→ Recorded data
┌──

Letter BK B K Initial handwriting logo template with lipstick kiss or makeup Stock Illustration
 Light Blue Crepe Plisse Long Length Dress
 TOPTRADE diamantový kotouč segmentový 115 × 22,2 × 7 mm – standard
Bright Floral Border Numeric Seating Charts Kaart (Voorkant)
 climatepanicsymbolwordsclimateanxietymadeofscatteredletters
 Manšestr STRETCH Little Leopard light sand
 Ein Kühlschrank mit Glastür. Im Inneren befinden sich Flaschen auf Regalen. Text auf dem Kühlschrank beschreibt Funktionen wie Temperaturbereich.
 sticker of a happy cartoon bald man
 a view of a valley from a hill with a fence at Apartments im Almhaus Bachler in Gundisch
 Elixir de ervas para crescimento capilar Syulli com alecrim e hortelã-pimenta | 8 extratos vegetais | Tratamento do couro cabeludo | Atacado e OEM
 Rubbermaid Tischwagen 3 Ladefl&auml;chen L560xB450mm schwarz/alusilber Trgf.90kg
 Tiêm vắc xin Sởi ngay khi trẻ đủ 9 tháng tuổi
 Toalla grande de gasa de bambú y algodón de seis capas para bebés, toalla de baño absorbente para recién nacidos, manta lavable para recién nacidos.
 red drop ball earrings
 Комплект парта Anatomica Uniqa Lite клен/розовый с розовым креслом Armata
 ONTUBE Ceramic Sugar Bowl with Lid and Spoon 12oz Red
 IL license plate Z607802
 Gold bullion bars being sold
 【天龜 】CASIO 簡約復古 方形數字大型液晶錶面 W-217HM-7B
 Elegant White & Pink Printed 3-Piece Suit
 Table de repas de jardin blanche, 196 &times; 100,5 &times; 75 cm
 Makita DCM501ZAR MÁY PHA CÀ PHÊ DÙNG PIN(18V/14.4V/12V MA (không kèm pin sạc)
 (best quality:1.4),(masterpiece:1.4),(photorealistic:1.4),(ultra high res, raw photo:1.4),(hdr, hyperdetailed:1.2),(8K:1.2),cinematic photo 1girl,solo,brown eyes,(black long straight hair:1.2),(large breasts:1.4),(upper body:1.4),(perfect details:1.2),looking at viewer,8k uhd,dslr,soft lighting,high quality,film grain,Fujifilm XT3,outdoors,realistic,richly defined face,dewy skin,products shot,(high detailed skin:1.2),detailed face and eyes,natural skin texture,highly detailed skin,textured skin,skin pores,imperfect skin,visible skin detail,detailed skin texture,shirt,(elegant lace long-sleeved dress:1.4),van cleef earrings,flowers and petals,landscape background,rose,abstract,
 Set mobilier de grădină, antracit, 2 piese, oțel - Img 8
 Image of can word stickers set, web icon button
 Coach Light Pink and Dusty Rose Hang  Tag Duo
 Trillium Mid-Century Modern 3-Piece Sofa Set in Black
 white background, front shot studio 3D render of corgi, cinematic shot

└──

→ ASSIGNMENT
The response must hold only the lines above from the line with "Rubbermaid Tischwagen 3" through the line with "red drop ball earrings", each copied exactly, both ends kept.

→ YOUR SOLUTION
 Rubbermaid Tischwagen 3 Ladefl&auml;chen L560xB450mm schwarz/alusilber Trgf.90kg
 Tiêm vắc xin Sởi ngay khi trẻ đủ 9 tháng tuổi
 Toalla grande de gasa de bambú y algodón de seis capas para bebés, toalla de baño absorbente para recién nacidos, manta lavable para recién nacidos.
 red drop ball earrings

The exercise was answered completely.